#### TASK STATEMENT:
Please copy the data below exactly, from its first line through the line holding "Air Chaise moderne", and skip the pictures.

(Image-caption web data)
=== Section Start ===
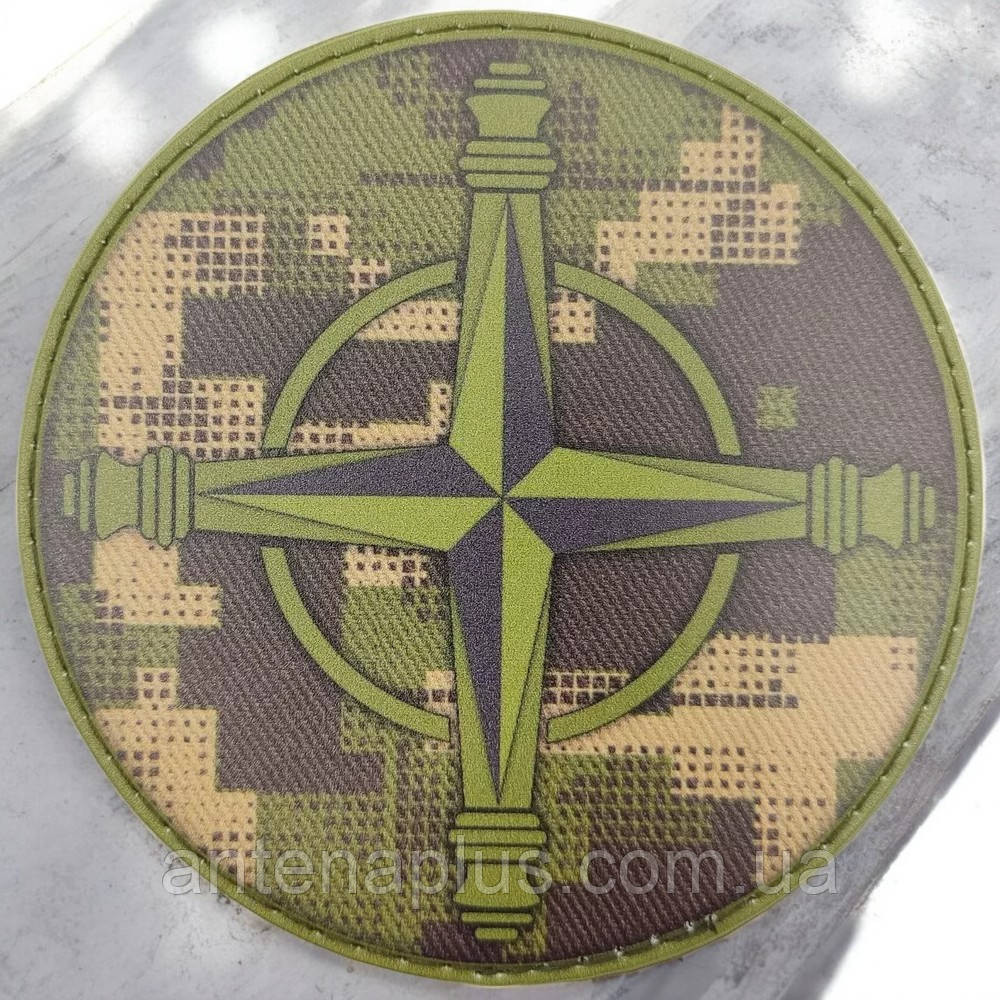 16 бригада НГУ піксель шеврон / патч Київ - фото 1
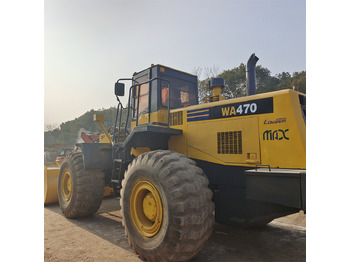 Kolový nakladač KOMATSU WA470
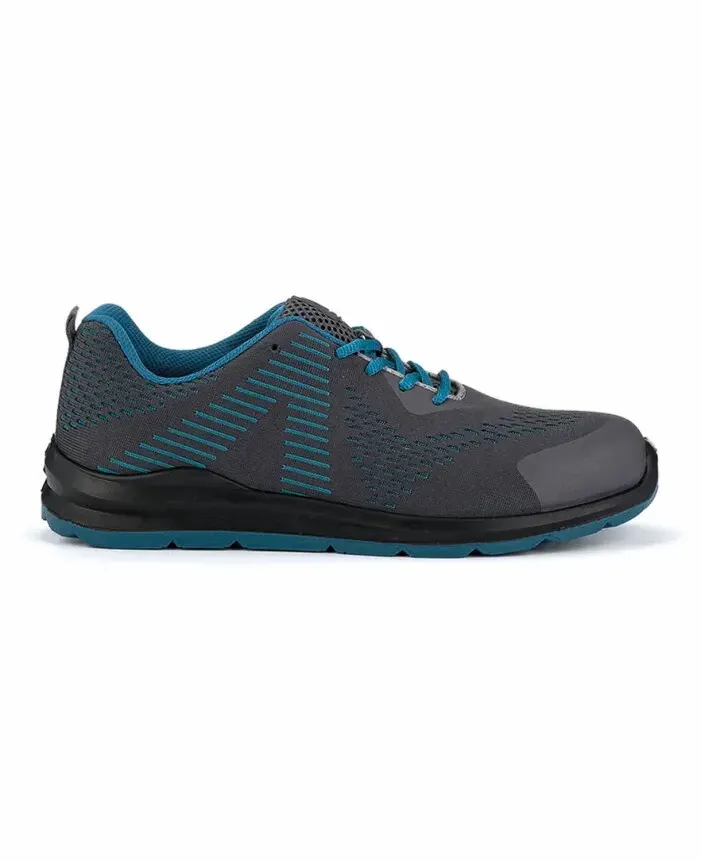 Pantofi de lucru fără bombeu, din textil, Ardon FLYTEX O1, SR FO, culoarea gri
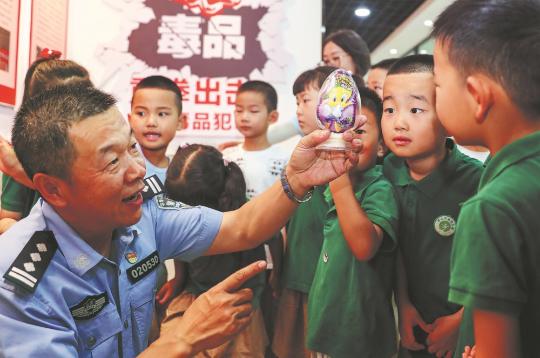 Ongoing battle against drug-related crimes shows significant progress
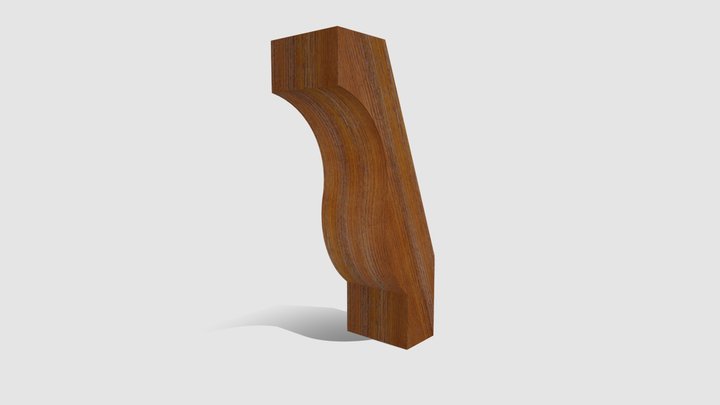 NW_WG-BR34X17.38X9.25_Cedar 3D Model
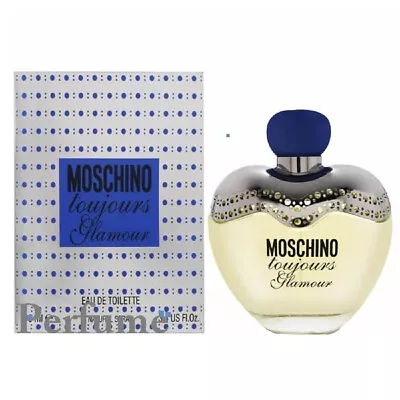 TOUJOURS GLAMOUR * Moschino 1.0 Oz / 30 Ml Eau De Toilette Women Perfume Spray • $28.99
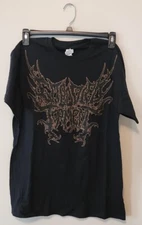 Embodied Torment Medium Shirt FFO Brodequin, Excoriation, Delusional Parasitosis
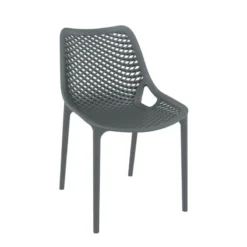 Air Chaise moderne ajourée en polypropylène><noscript><img width=
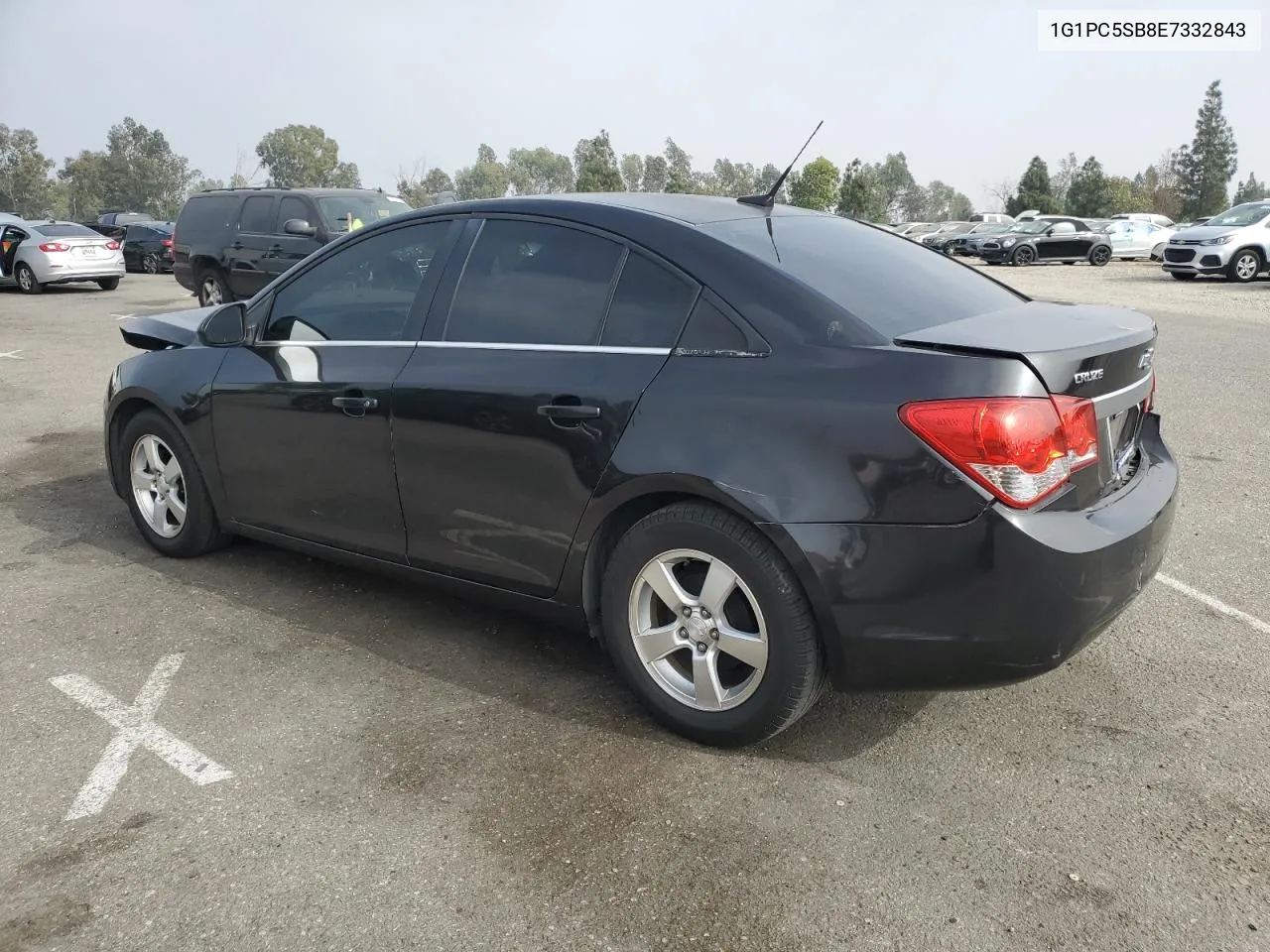 2014 Chevrolet Cruze Lt VIN: 1G1PC5SB8E7332843 Lot: 76629714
=== Section End ===
#### WRITTEN ANSWER:
 16 бригада НГУ піксель шеврон / патч Київ - фото 1
 Kolový nakladač KOMATSU WA470
 Pantofi de lucru fără bombeu, din textil, Ardon FLYTEX O1, SR FO, culoarea gri
 Ongoing battle against drug-related crimes shows significant progress
 NW_WG-BR34X17.38X9.25_Cedar 3D Model
 TOUJOURS GLAMOUR * Moschino 1.0 Oz / 30 Ml Eau De Toilette Women Perfume Spray • $28.99
 Embodied Torment Medium Shirt FFO Brodequin, Excoriation, Delusional Parasitosis
 Air Chaise moderne ajourée en polypropylène><noscript><img width=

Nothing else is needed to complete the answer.